Isabel Subtil / Heavy Table
Isabel Subtil / Heavy Table

In case you’ve been living in a cave for the last year with your eyes shut and your fingers in your ears, know that a new joint in the Warehouse District called Spoon and Stable opened last month. It’s housed in a bright, Shea-designed space; the chef has some fine laurels; and reservations are scarce. (If you search Open Table, have your 2015 calendar handy).

Perhaps your best bet to taste Gavin Kaysen’s scallop crudo and bucatini with bottarga anytime soon is to shimmy your way into a seat at the bar. The slim lounge faces a tower of white shelving full of spirits and firewood, delicately backlit and framed by orchids and citrus fruit. It kind of looks like one of those bars that were only thought to exist in Williams-Sonoma catalogs.

Bar patrons have access to the dinner menu as well as a svelte list of bar snacks (anyone want to share a tarte flambée and a bottle of prosecco?). They may also be treated to spur of the moment bar specials like truffled pork ramen or Cuban sandwiches, and can watch head barman, Robb Jones, at work, which is always fun.

Isabel Subtil / Heavy Table
Isabel Subtil / Heavy Table

“It’s just great to be in this environment, where I can challenge myself in different ways,” says Jones, formerly of Saffron. “[Kaysen] gave me a lot of creative license. I mentioned the idea of just doing classics, and he ran it by some people in New York, like ‘I talked to Jim Meehan, and this is a really cool idea.’ Sweet! And it makes sense with what we’re trying to do here. We want people to be comfortable.”
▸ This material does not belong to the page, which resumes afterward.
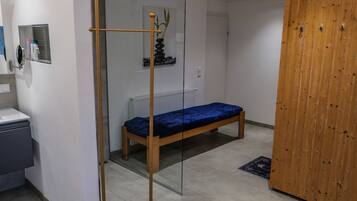 Une chambre avec un lit en bois, une cloison en verre, une petite étagère contenant des articles de toilette et une armoire en bois.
The names on his cocktail list read like Bartending 101, but all of them contain a prepped ingredient or a technique that expands the notion of what that well-known cocktail can be. Take for example his old fashioned with dark rum and pineapple syrup. Or his whiskey sour with grapefruit. Jones’ cocktail prep begins early in the day, over saucepans slowly reducing citrus, sugar, and spice.

“I spent a little time as a saucier when I was a cook,” Jones recalls. “It was my Zen in the kitchen, I can focus on one thing and make it perfect.” He claims that prepping syrups and cordials helps manage his ADD, but it has the added benefit of speeding up pickup time in his continuously busy bar.
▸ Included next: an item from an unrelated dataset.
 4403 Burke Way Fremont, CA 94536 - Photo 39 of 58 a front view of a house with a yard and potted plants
Isabel Subtil / Heavy Table
Isabel Subtil / Heavy Table

His ice program does the same. Jones has a metalworking friend who custom built stainless-steel ice molds designed to make ice that breaks apart into chunks perfectly sized for the glassware. “I got tired of chipping my own ice,” says Jones. “I worked at Bradstreet — I understand the importance of ice. But I don’t want to wait five minutes for someone to chip ice, and it’s also not that safe to have a bunch of people with ice picks.”

We order his Paloma, a drink that might seem out of season right now. I associate them particularly with sweltering summer barbecues, when slapping together tequila and Fresca is about as much work as I want my drinks to entail. But Jones’ spiced-grapefruit cordial blends beautifully with the warmth of the reposado tequila.
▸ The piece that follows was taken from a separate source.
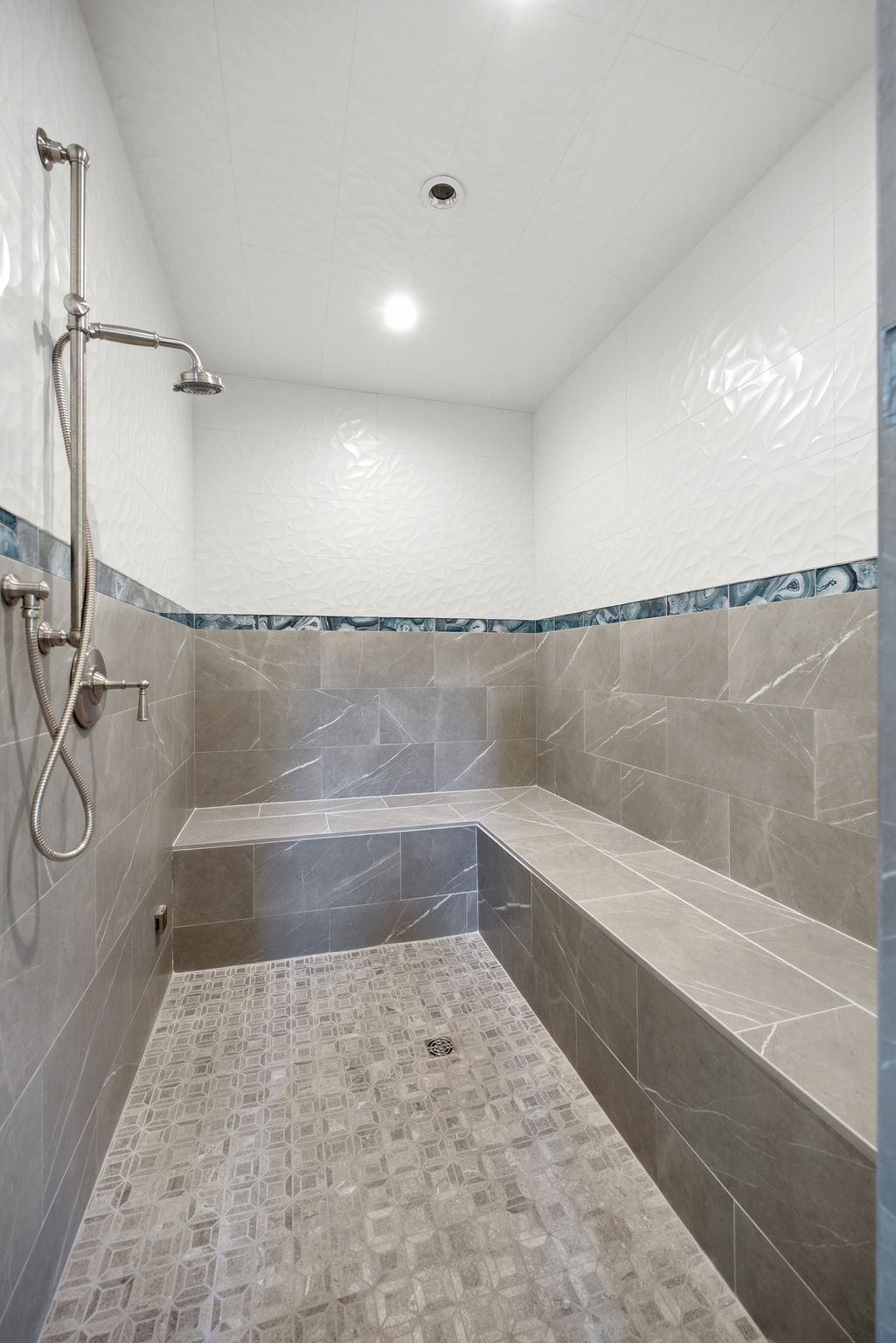Spacious tiled shower featuring a built-in bench, rainfall showerhead, handheld shower fixture, and recessed lighting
Isabel Subtil / Heavy Table
Isabel Subtil / Heavy Table

Spoon and Stable Paloma
2 oz. reposado tequila (Jones uses el Jimador)
1½ oz. grapefruit cordial
pinch of kosher salt
splash of lime juice
club soda
grapefruit peel and lime slice for garnish

Build tequila, cordial, salt, and lime juice in a collins glass; stir briefly. Top with club soda. Garnish with grapefruit peel and a lime wheel.